** What the exercise asks **
For this exercise, reproduce only the lines from the one holding "Groźny Tatarzyn wróci" through the final line of the data below, exactly, and omit pictures.

** Material for this task **
^^^^
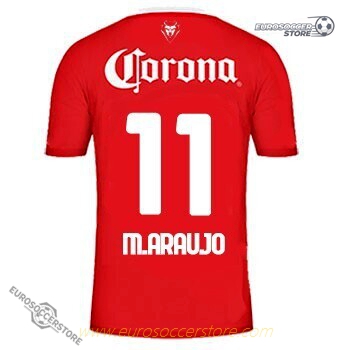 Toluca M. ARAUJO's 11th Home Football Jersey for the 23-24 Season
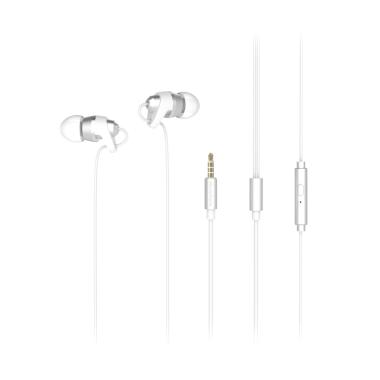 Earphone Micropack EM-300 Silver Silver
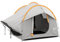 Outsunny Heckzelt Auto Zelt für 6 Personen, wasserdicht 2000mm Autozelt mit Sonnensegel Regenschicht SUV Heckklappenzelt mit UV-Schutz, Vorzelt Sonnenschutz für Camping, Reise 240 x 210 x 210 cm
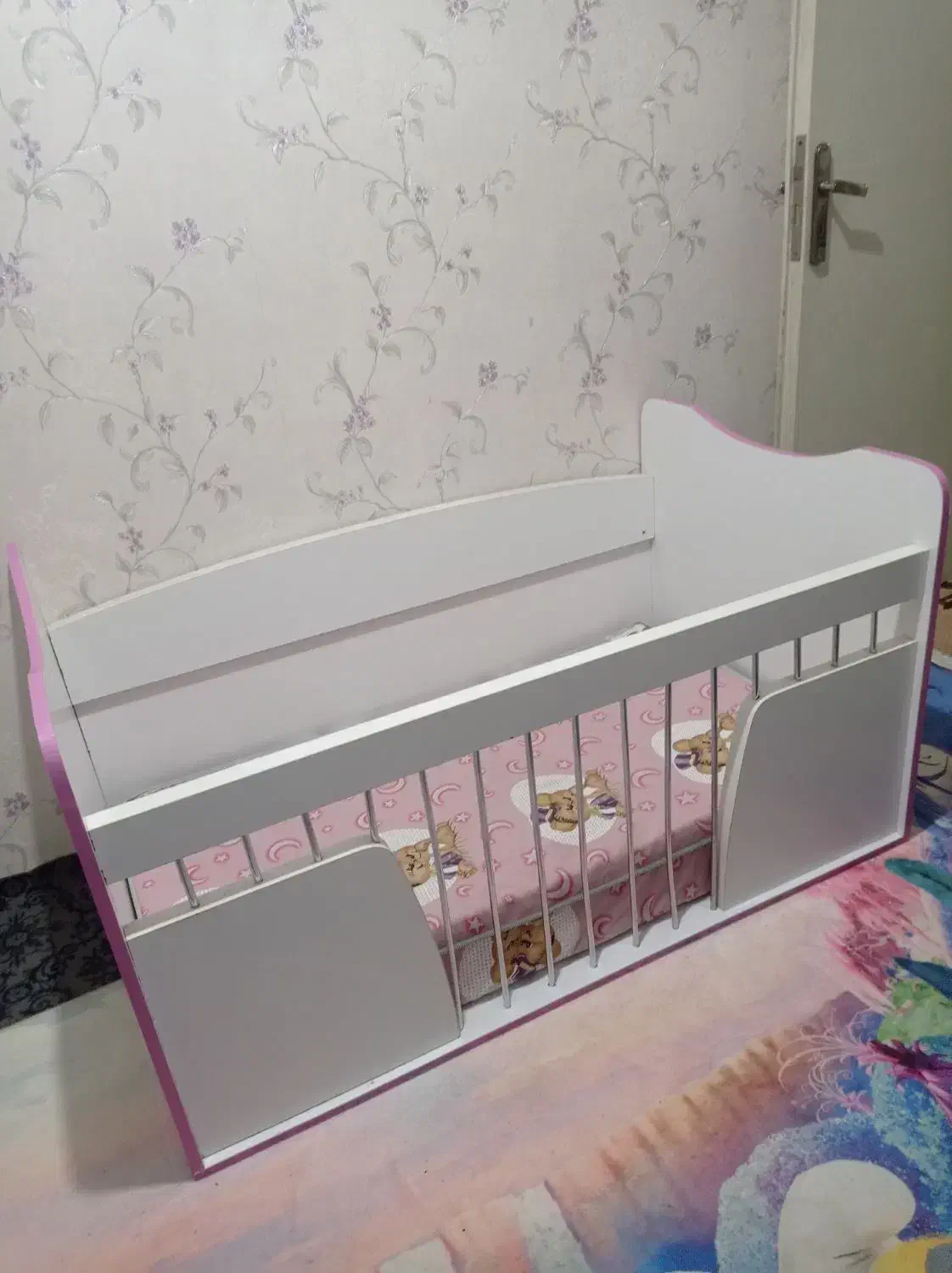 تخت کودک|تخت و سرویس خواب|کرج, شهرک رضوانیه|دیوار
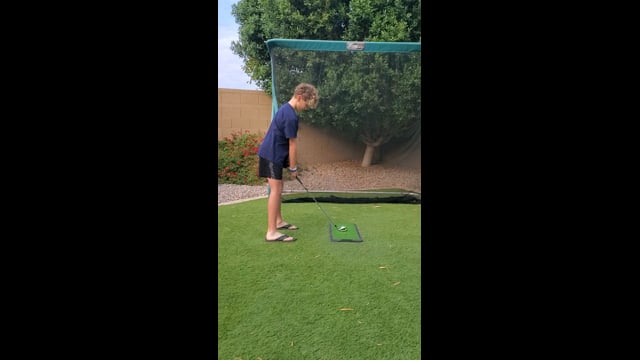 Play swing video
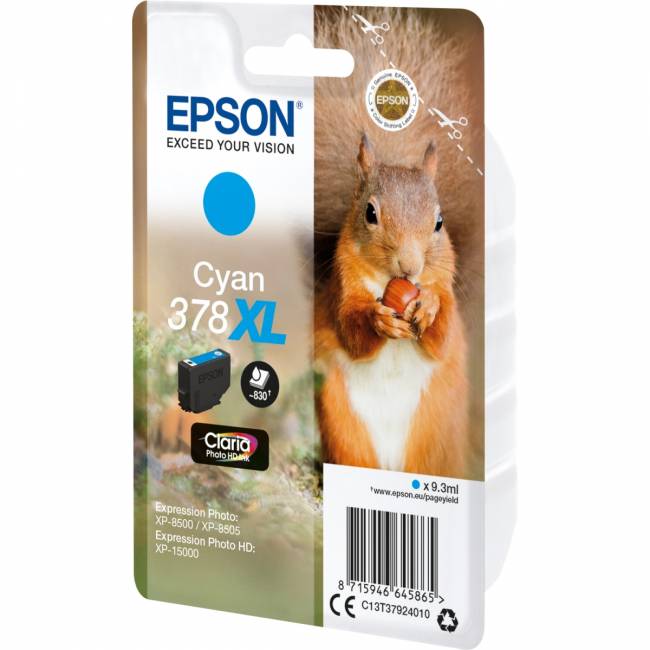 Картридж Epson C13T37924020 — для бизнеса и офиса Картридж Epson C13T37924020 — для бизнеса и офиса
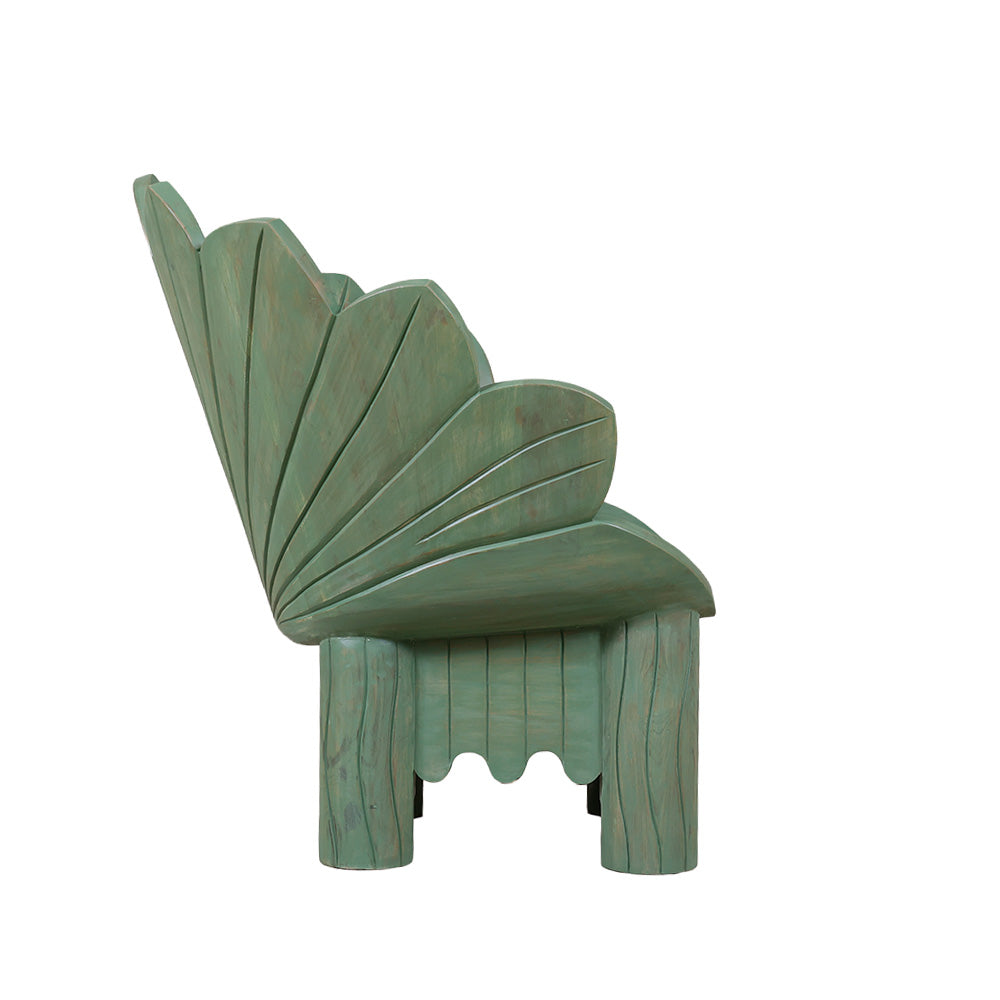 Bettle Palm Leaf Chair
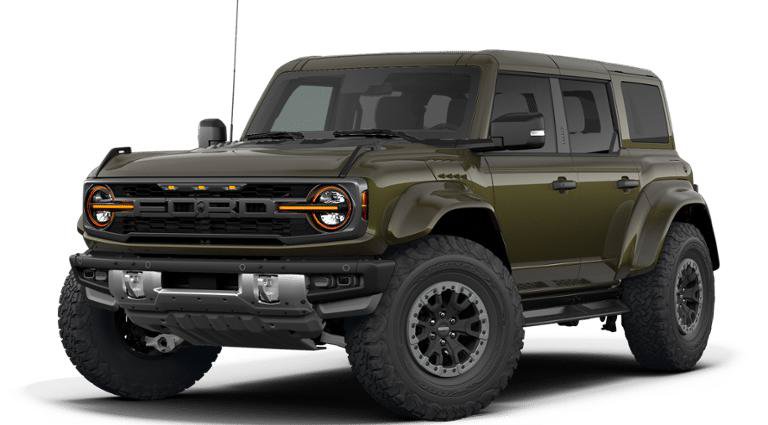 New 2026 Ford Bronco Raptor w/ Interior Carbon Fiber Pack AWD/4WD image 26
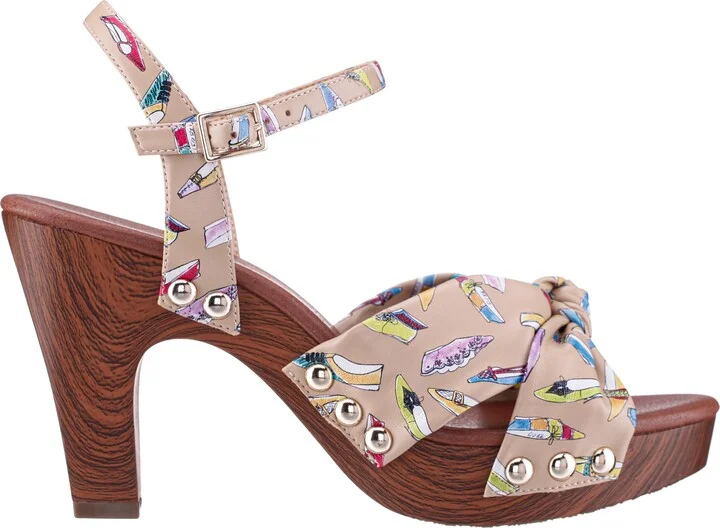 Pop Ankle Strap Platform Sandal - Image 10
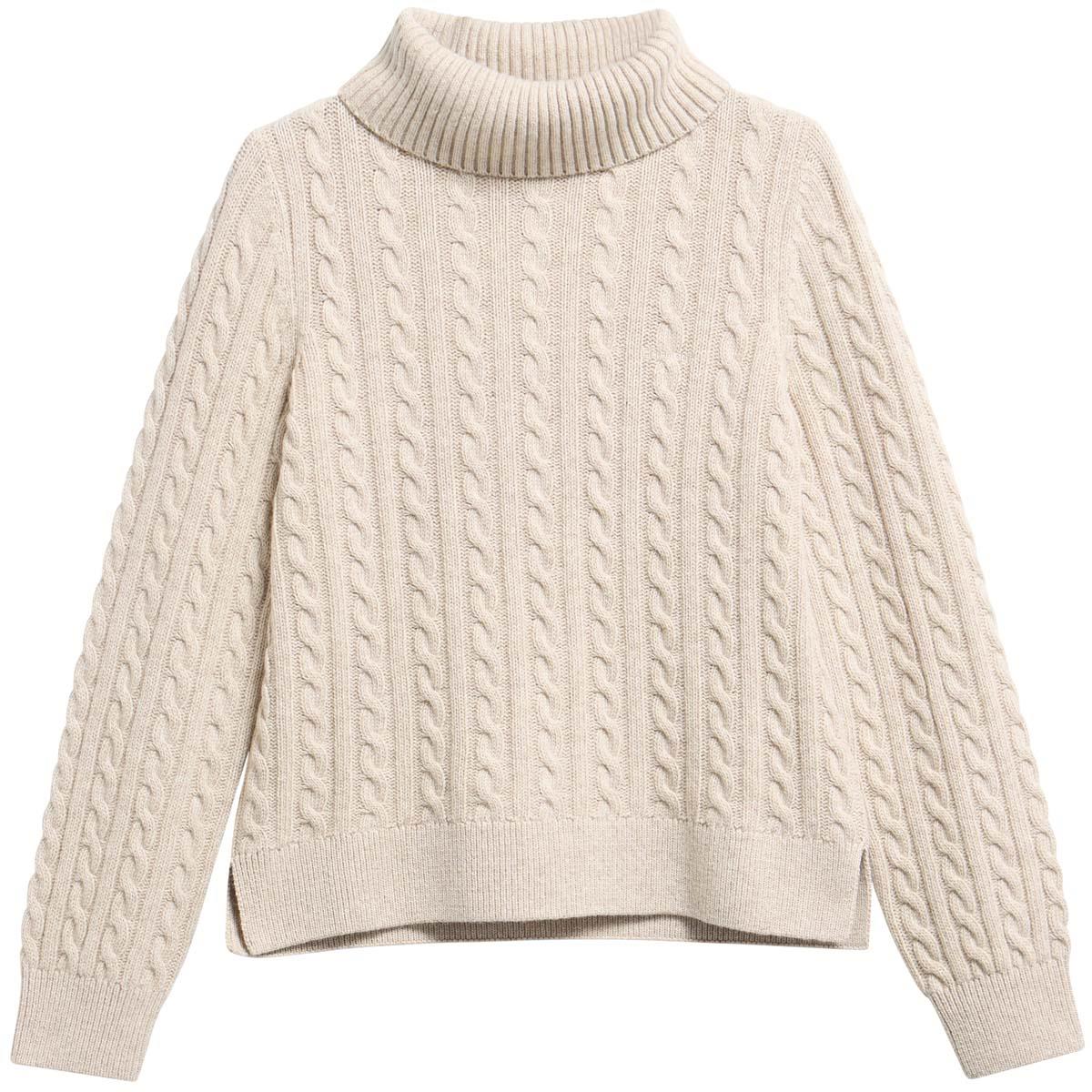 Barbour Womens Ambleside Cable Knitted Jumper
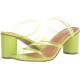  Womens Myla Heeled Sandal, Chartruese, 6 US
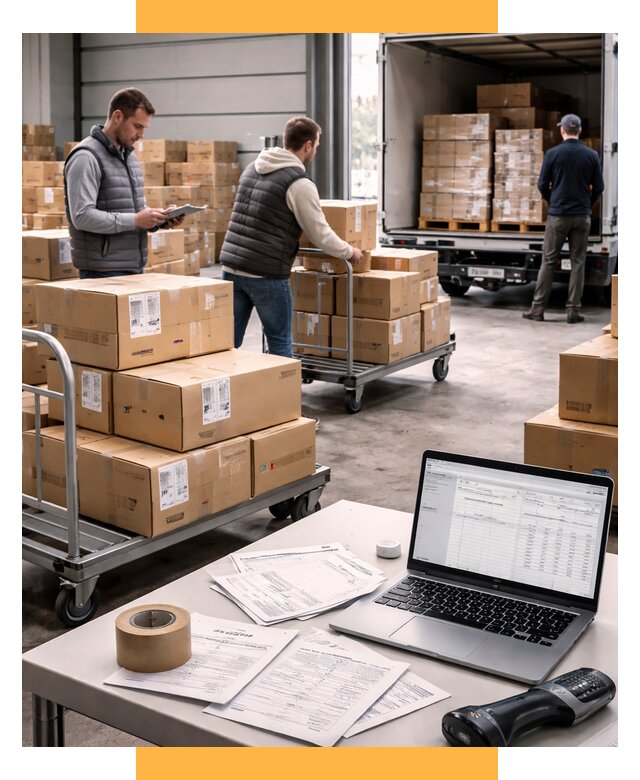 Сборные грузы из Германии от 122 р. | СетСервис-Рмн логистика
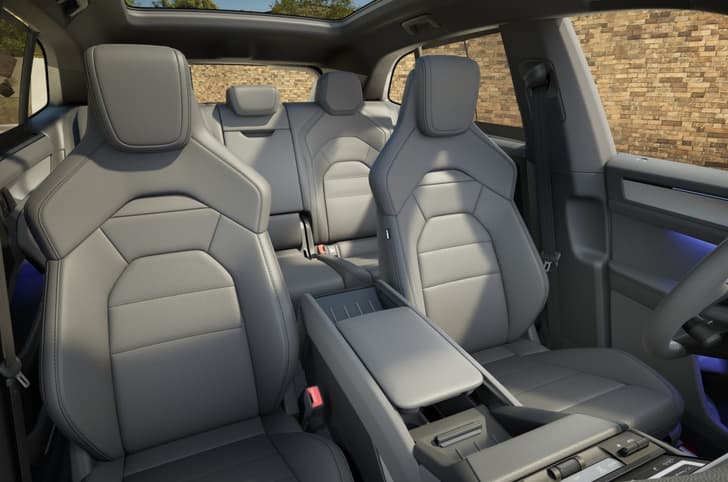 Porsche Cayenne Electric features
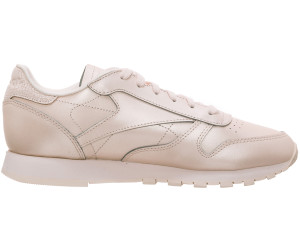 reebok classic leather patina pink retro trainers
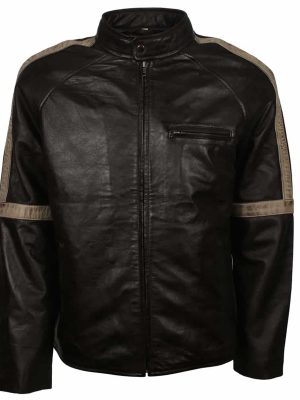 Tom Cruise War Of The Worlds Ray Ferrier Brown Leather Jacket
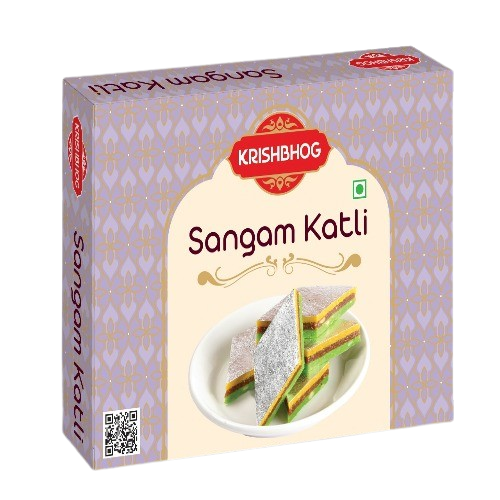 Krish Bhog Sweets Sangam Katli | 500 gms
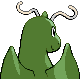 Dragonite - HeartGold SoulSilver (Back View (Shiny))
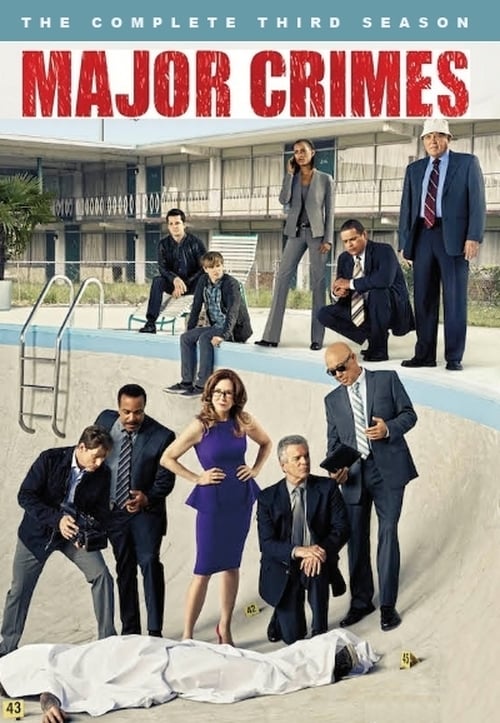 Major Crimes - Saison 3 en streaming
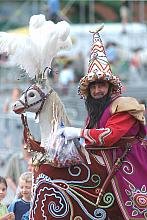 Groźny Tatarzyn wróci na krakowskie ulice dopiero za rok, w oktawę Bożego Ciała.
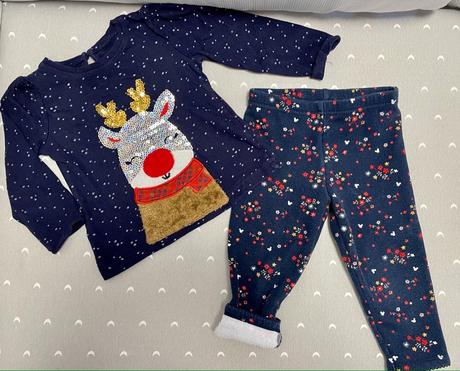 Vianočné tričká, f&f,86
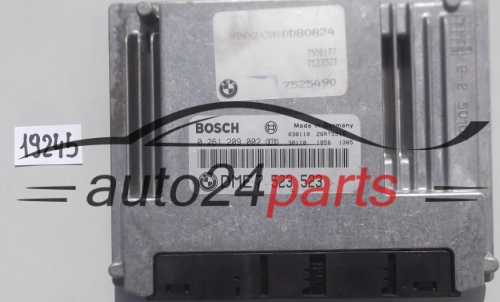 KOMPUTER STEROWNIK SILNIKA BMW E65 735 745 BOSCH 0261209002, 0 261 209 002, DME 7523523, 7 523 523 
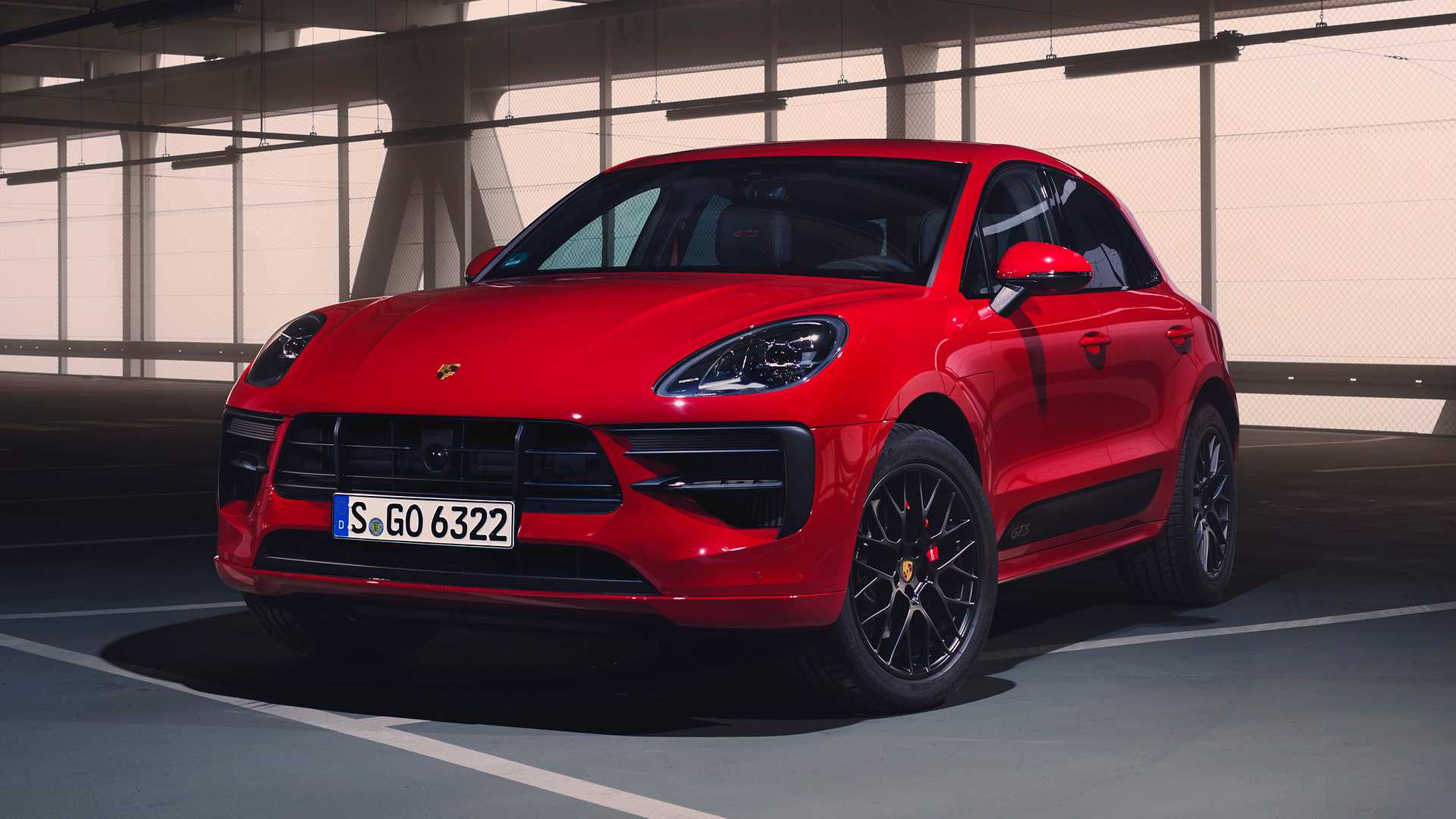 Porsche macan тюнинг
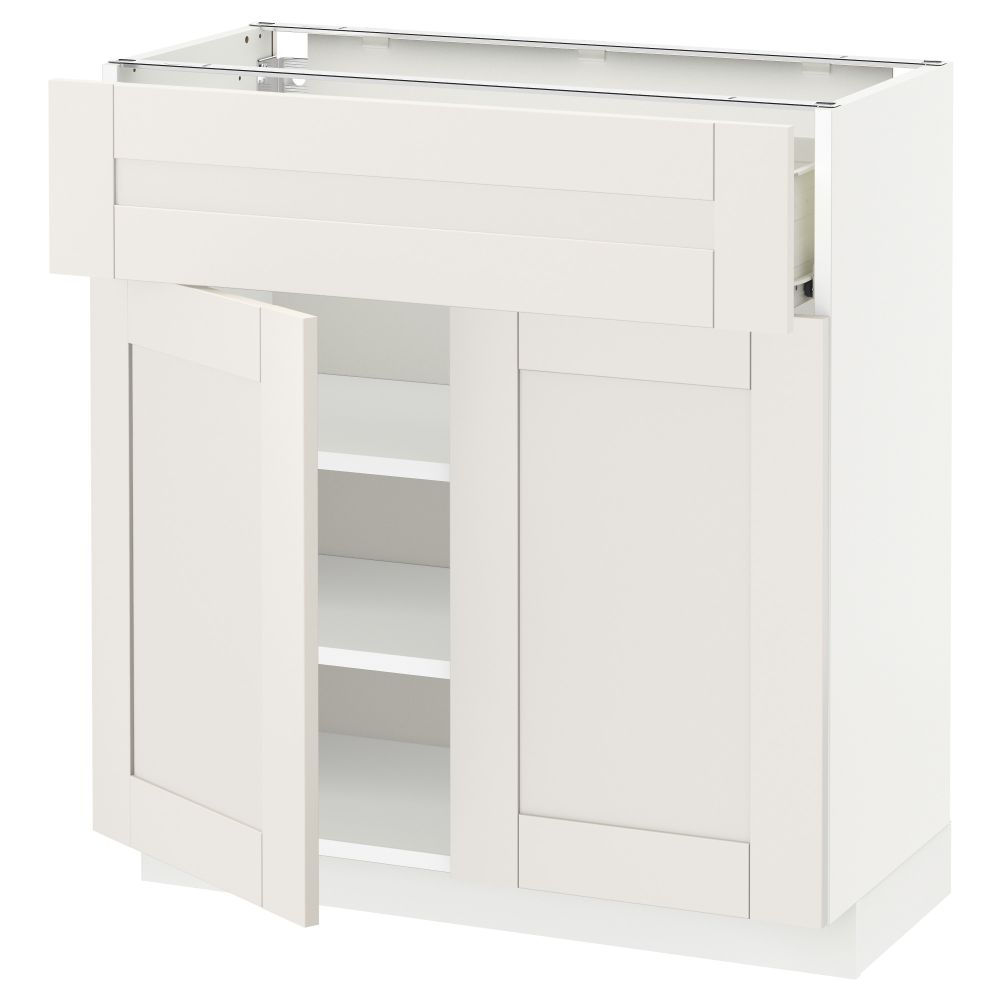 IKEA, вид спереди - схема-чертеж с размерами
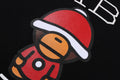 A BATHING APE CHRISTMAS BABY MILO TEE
^^^^
** The completed task **
 Groźny Tatarzyn wróci na krakowskie ulice dopiero za rok, w oktawę Bożego Ciała.
 Vianočné tričká, f&f,86
 KOMPUTER STEROWNIK SILNIKA BMW E65 735 745 BOSCH 0261209002, 0 261 209 002, DME 7523523, 7 523 523 
 Porsche macan тюнинг
 IKEA, вид спереди - схема-чертеж с размерами
 A BATHING APE CHRISTMAS BABY MILO TEE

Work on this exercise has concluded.